By Jade Myers/campus editor
Public schools need to actually prepare students for college life, not just standardized testing.
There is no hand holding in college classes, just like there is none at a job.
High school teachers should be lecturing by junior year at least, not giving their students notes or worksheets and not giving them homework even, except for maybe project-based homework.
That way students have to learn how to take proper notes and prepare for a test, like how to not wait until the night before to study for a test.
College is also usually the first time that students don’t get little worksheets and review sheets to help them learn the material.
Students in their first semester sit through a lecture and after usually think, “Oh, the teacher didn’t assign homework, so I don’t have to do anything for class.”
Wrong.
In college, it is the students’ job to spend time learning the material. But they don’t know how to because in high school they were given everything.
This sets them up for failure in an environment that is already new. Paying for classes, the amount of people in classes and time management is new to most of them.
There are enough new things they are learning to deal with in college. Good note taking and study techniques should not be a new thing for them, especially after 13-plus years of going to school.

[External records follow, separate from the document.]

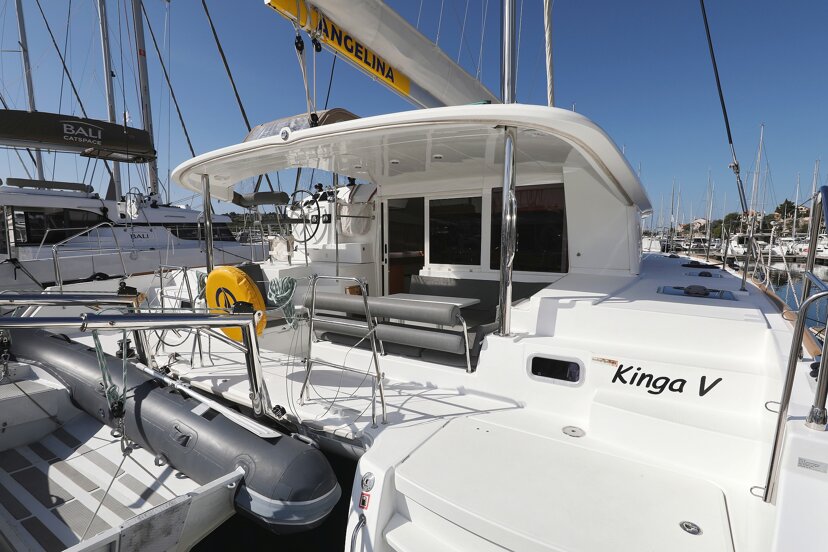 Lagoon 400 S2 - 4 + 2 cab. Kinga V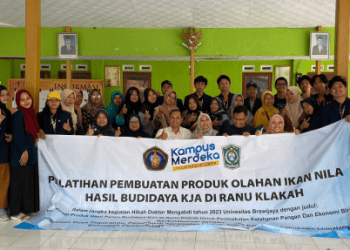 DiversifikasiĀ Produk Ikan Nila Menjadi Fokus Tim DM UB Tingkatkan Ekonomi Warga Ranu Klakah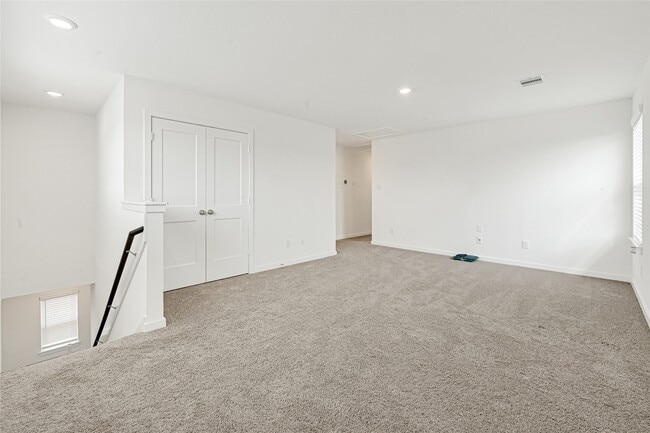 Building Photo - 3911 Windy Whisper Dr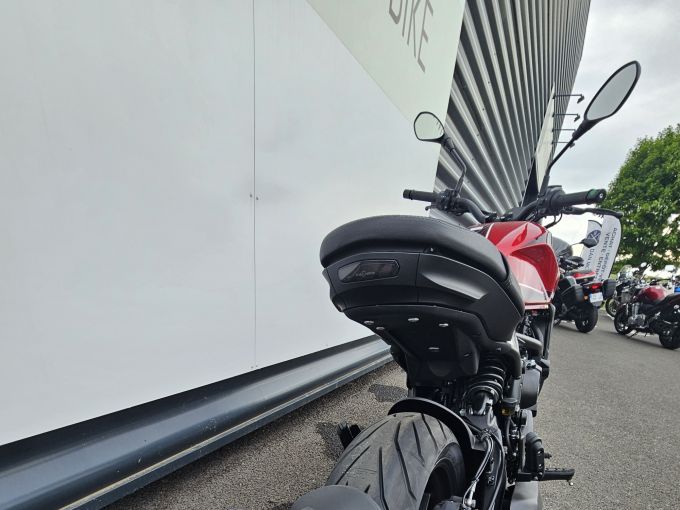 MOTO MORINI SEIEMMEZZO STR 650 4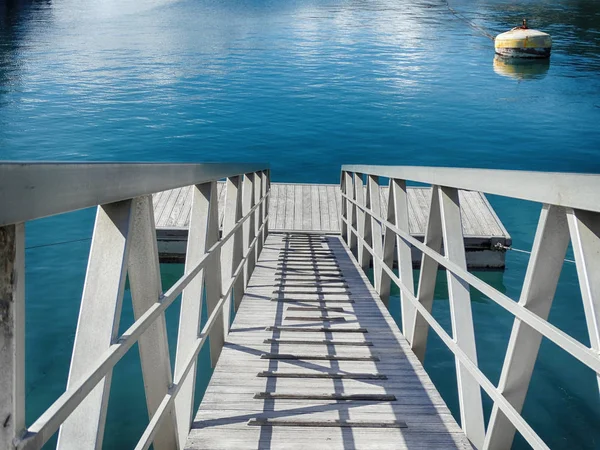 Caminhando Sobre Ponte Madeira Cais — Fotografia de Stock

The other problem is the classes they take in high school.
They need to take the basics like history, government, math, science and English. But in the last year or two, they could take life skill classes instead of useless electives.
Students should be learning about how credit and loans work. Most teenagers don’t know that you need credit to get the bigger things in life like a car or a house.
Classes about how to do taxes, how to live on a monthly budget and all the other life skills you need to know after high school should be required before the next step of college.